From #55 to #57, ovals were the focus, not much of a change from circles, but were fun to put together. Keeping the shape and the use of the grid simple allowed me to focus on the liquid clay veneers. Color combinations, patterns and accent colors. Fun and easy, but not a stretch.

The next two pieces, #58 and #59, played with using half-ovals. Clearly I was playing it safe. Again, these are fun and easy to play with and would make cute pendants.

But on #60 I decided to try something new. Here I create designs using liquid clay on the pieces after construction. While #60 pieces together veneers in coordinating colors, the liquid clay marks and patterns ties the design together.  It was a small shift in thinking and I really liked this concept which needs further exploration.

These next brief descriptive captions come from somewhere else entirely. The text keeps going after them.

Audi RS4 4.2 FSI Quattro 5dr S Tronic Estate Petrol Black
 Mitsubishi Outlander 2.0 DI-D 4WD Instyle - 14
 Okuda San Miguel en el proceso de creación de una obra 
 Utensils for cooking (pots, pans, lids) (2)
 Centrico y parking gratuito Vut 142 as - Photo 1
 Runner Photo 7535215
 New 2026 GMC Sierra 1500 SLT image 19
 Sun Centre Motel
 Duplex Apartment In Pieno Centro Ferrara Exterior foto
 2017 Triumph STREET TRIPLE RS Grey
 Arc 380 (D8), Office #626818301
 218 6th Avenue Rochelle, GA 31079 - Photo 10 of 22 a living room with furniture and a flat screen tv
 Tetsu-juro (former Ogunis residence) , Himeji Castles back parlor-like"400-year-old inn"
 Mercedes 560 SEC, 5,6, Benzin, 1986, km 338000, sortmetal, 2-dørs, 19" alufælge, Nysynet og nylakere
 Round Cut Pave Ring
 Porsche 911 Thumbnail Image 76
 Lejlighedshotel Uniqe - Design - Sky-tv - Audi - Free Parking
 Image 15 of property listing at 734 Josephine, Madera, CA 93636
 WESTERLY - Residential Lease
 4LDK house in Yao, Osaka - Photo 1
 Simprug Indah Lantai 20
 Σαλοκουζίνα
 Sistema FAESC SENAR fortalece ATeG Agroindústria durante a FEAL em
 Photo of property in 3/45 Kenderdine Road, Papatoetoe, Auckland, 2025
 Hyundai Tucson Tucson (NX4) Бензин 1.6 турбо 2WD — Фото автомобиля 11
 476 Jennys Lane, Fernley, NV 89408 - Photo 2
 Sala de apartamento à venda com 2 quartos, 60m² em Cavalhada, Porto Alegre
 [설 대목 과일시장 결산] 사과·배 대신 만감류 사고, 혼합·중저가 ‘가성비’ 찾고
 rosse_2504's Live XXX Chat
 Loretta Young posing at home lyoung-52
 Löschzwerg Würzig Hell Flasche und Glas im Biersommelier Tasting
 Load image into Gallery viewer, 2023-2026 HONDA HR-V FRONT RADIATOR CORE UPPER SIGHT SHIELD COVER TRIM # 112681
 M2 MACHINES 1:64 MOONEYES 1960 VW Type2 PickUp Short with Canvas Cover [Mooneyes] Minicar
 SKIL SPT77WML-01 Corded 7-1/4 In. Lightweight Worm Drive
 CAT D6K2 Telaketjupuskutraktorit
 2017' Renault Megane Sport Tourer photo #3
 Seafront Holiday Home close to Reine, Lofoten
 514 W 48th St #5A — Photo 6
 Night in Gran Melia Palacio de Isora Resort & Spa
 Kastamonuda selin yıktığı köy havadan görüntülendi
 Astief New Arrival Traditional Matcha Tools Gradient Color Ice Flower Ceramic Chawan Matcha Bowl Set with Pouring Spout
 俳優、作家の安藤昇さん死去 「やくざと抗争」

Days #61 and #62 were created in an effort to send some hugs and kisses out into the world (and experiment with other shapes). I applied marks after construction using liquid clay for both of these pieces. These were fun to make and I feel they were fairly successful and whimsical.

Then I was thinking I hadn’t tried translucent clays during this 100 day project. I rarely work with them (not sure why), so I started by working on a veneer.  Day 63 was a simple attempt to see how this veneer worked and I wanted the grid to show through the translucent clay.  I gave the design a bit more thought on #64 and I added a little box to hold a heart on a chain.  The color (cobalt blue) that I used for the back unfortunately made the translucent clay veneers a bit muddy, but the overall design I thought was creative.

Then I had another idea that focused on centering shapes within each grid opening. Day 65 used little yellow half spheres where I accented each with a black rim of liquid clay. Day 66 used a different shape, more like a leaf and raised them up to provide more texture. 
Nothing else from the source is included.